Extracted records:
****

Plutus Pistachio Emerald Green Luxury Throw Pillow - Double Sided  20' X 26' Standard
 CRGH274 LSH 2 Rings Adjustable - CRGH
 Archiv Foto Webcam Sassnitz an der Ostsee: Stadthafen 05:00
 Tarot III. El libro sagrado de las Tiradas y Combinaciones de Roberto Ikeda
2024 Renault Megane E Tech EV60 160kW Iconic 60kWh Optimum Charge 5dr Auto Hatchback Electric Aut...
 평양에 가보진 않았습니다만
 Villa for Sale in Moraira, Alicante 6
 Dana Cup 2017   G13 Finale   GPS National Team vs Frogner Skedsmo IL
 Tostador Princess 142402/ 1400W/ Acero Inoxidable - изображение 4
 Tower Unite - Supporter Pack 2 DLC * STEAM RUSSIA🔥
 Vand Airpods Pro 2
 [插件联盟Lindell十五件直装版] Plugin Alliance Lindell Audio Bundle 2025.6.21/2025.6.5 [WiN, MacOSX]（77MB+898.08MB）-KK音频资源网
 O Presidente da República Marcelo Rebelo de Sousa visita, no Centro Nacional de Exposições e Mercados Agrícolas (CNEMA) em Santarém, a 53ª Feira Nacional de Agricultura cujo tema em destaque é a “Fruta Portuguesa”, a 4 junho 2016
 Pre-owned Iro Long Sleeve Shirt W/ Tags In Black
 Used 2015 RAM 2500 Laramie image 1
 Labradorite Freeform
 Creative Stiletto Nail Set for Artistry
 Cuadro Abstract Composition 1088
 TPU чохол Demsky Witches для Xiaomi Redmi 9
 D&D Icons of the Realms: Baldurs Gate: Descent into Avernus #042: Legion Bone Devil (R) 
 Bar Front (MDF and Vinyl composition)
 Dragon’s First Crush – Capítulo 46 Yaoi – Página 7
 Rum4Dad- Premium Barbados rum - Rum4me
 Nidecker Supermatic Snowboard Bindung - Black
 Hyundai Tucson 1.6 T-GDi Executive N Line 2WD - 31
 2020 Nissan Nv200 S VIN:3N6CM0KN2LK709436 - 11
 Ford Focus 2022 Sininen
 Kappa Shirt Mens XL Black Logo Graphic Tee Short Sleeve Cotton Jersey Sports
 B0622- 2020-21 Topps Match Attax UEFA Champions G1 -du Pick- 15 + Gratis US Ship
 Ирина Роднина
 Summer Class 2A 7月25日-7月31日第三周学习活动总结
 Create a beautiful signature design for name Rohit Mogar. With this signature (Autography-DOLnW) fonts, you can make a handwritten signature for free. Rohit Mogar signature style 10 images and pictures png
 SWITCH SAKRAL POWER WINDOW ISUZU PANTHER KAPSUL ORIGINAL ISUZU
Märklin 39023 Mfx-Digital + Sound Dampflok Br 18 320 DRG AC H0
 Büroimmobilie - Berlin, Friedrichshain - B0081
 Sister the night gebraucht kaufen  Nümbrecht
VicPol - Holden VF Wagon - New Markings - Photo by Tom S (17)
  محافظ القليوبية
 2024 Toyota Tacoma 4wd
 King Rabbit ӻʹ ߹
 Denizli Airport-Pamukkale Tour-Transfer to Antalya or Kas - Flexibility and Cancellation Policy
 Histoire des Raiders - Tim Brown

****

WORK INSTRUCTION. Starting at the line that contains "Denizli Airport-Pamukkale Tour-Transfer", write out every line through the end of the entries, exactly and with nothing added.

FINISHED TASK.
 Denizli Airport-Pamukkale Tour-Transfer to Antalya or Kas - Flexibility and Cancellation Policy
 Histoire des Raiders - Tim Brown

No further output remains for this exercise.